As previsões do Governo alinham-se com as da CE quanto ao papel futuro dos produtores/consumidores, que ambos consideram “relevante”: as famílias e outros pequenos produtores poderão ser responsáveis por mais de 20% da produção total de eletricidade, especialmente de energia eólica e fotovoltaica.
Aprovada no final de 2018, a nova diretiva da UE determina a criação de regimes favoráveis ao desenvolvimento das comunidades, sem barreiras, não discriminatórios e inclusivos. Regimes que garantam às famílias vulneráveis iguais condições de acesso e estimulem a opção por comportamentos sustentáveis. O Acordo de Paris reconheceu que a luta do clima é de todos.
O FMI, o Banco Mundial e a Agência Internacional de Energia (AIE) têm abordado a necessidade de um preço mais real para o carbono que desincentive o consumo de combustíveis fósseis e acelere a descarbonização da economia mundial. O FMI, em particular, tem dado atenção ao facto de a inexistência deste preço corresponder, na prática, a uma subsidiação (vantagens escondidas) às energias fósseis.
Na cimeira especial do clima de dia 23 de setembro em Nova Iorque, o secretário-geral da ONU António Guterres quer mais ambição dos países nos seus compromissos para reduzir as emissões de CO2. E que isso empurre a economia mundial para um preço mais justo.

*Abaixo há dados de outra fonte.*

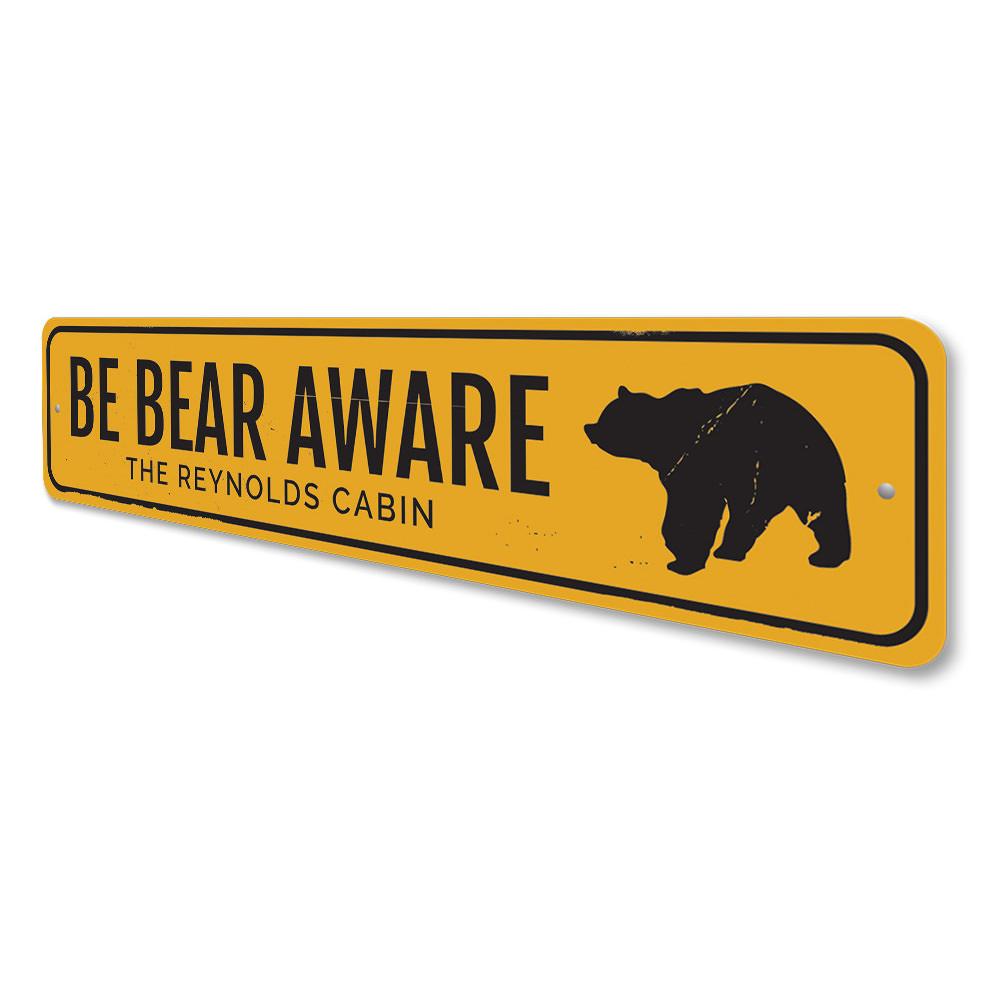 Be Bear Aware Sign made of durable aluminum, featuring a unique design perfect for lakehouse decor.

A montante de um preço adequado para as emissões está a noção do valor. As leis vigentes, especialmente em economias mais avançadas, valorizam as vantagens da energia renovável da pequena produção e penalizam os danos dos combustíveis fósseis, mas os preços não se diferenciam de forma tão óbvia.
O preço para o consumidor de uma tonelada de carvão, de petróleo ou de outro combustível fóssil não inclui de forma quantificada, tangível, todos os custos económicos, sociais e ambientais derivados do CO2 emitido. Nas últimas décadas, os mercados de licenças de emissões de dióxido de carbono e as taxas de carbono, que se afirmaram como instrumentos dissuasores de geração de emissões, tentaram sanar essa falta, mas apenas em parte.
Por outro lado, o preço para o consumidor de um MWh de energia eólica ou solar ou de outra fonte renovável não tem em conta todos os benefícios económicos, sociais e ambientais derivados do CO2 evitado, já não emitido.
Alocar à produção limpa a receita das penalizações a cobrar sobre a produção menos limpa criaria um incentivo ao investimento em centrais de produção de energia com origem em fontes renováveis. Permitiria igualmente que as tarifas por MWh fossem mais baixas, beneficiando todos os consumidores de energia. Mas não só. Este tempo pede políticas e mecanismos inovadores na valorização dos benefícios de cada quilograma de CO2 evitado e que façam chegar a transição energética às famílias, aos bairros e às comunidades locais.